3. Trees in the city

3.2 Managing Canberra’s trees

Many people refer to Canberra as the ‘Bush Capital’. In the early 1900s, Canberra was a largely treeless site exposed to wind, but the planting of two million trees in 1911 was the beginning of Canberra’s urban forest.

Before old trees die, new trees need to be planted to take their place. There was a 10 per cent reduction in urban trees between 2009 and 2016, mainly due to the death and deterioration of trees as they aged. And almost a quarter of the trees in Canberra’s suburbs will reach the end of their useful life in the next 20 years. This translates to thousands of trees being removed each year.

Some trees live longer than others. The end of a tree’s ‘useful’ life occurs when safety, other risks, and costs start to outweigh the benefits of individual trees. Canberra’s trees have an expected useful life of 50 to 80 years, depending on species and conditions.

Old-growth trees have been cut down to make way for buildings and infrastructure. Sometimes dead trees that have been removed to make way for development can be moved to other locations to help wildlife such as birds, bats, reptiles and insects. One tree moved to the Molonglo Valley to provide wildlife habitat was a 400-year old Yellow Box (Eucalyptus melliodora). Planting young trees doesn’t provide the same type of habitat as repurposed mature, dead trees. We need to plant new seedlings for the future, but these take years to grow, so preserving or moving large dead trees helps while young trees mature.

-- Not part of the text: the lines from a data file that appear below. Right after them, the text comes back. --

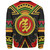 Gye Nyame Sweatshirt Adinkra Symbols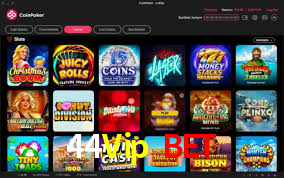 Casino Ao Vivo 44Vip Bet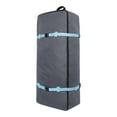 thumbnail image 1 of koolsoo Inflatable Paddleboard Backpack Surf Board Cover Surfboard Bag for Outdoor Water, 1 of 9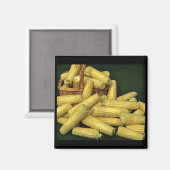 Aimant Corn on the cob (Recto/Verso)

Dead trees, such as this 400-year old Yellow Box (Eucalyptus melliodora), have been moved to new locations to provide habitat for wildlife.

The ACT Tree Register protects urban trees that have important natural and cultural heritage values or contribute to the urban landscape. There are 176 trees and 35 groups of trees on the register, with 10 more awaiting full registration.

Threats to Canberra’s trees

Common threats to trees in the ACT are:

  • increasing population and expanding urbanisation
  • increasing temperatures
  • less rainfall and increased drought periods

Canberra’s increasing population and city density will put pressure on the urban forest. In the Molonglo Valley, only 2.4 hectares of public space is available for every 1000 people, compared with 8.6 hectares in older suburbs. Also, house blocks are almost half the size in the Molonglo Valley compared with older suburbs, so more people want to use public green spaces.

Another issue with Canberra’s urban forest is that it is dominated by a rather simple structure of mature trees and mown grass. This lacks the understorey that is home to many native species. Future vegetation planting needs to incorporate more shrubs and smaller plants to support biodiversity.

Increasing temperatures due to urban heat and climate change are a major problem for cities (see Climate is changing section) . This will threaten some tree species in Canberra, so we need to adapt to the warming climate, ensure the urban forest is resilient, make sure water is available for vegetation, and manage trees for age, drought and pests.